General information
- Location: Tickhill and Wadworth, Doncaster England
- Coordinates: 53°27′06″N 1°07′31″W﻿ / ﻿53.45158°N 1.12520°W
- Grid reference: SK581953
- Platforms: 2

Other information
- Status: Disused

History
- Original company: South Yorkshire Joint Railway
- Pre-grouping: South Yorkshire Joint Railway
- Post-grouping: South Yorkshire Joint Railway

Key dates
- 1 December 1910: Opened
- April 1926: Closed
- 25 July 1927: Reopened
- 8 July 1929: Closed for passengers
- 2 November 1964: closed for freight

Location

= Tickhill and Wadworth railway station =

Disused railway station in South Yorkshire, England

Tickhill and Wadworth railway station, originally simply known as Tickhill, was located where the road linking the town of Tickhill and the village of Wadworth in its name crossed the South Yorkshire Joint Railway.
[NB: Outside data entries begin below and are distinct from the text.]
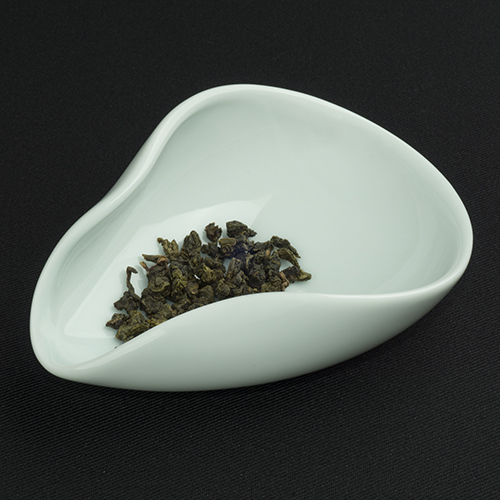 青白R94茶荷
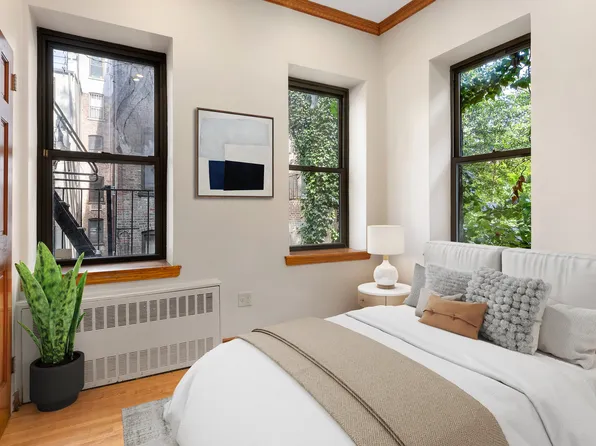 121 East 10th Street image 1 of 11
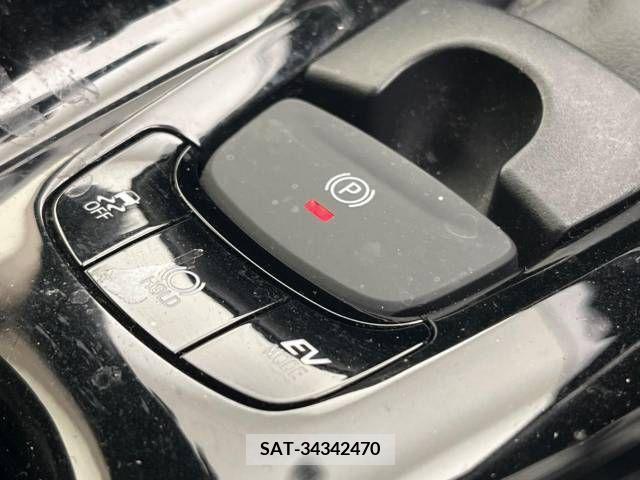 Toyota C-HR 2017-06 223173-17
Being about halfway between it was intended that it should serve both Tickhill and Wadworth, near Doncaster, South Yorkshire, England.

The station, opened on 1 December 1910, had two flanking platforms and substantial buildings in the "Double Pavilion" style. The passenger service, between Doncaster and Shireoaks was operated jointly by the Great Central Railway and the Great Northern Railway for the first year when the G.N.R. left the arrangement.

The station was closed temporarily between April 1926 and April 1927 and finally on 8 July 1929, after a bacterial outbreak due to horse faeces. However the wooden signal box at the station's southern end was still extant in 1959, when it was photographed by H. B. Priestly.

Only the station master's house and some remnants of the platform and the signal box's coal bunker still exist.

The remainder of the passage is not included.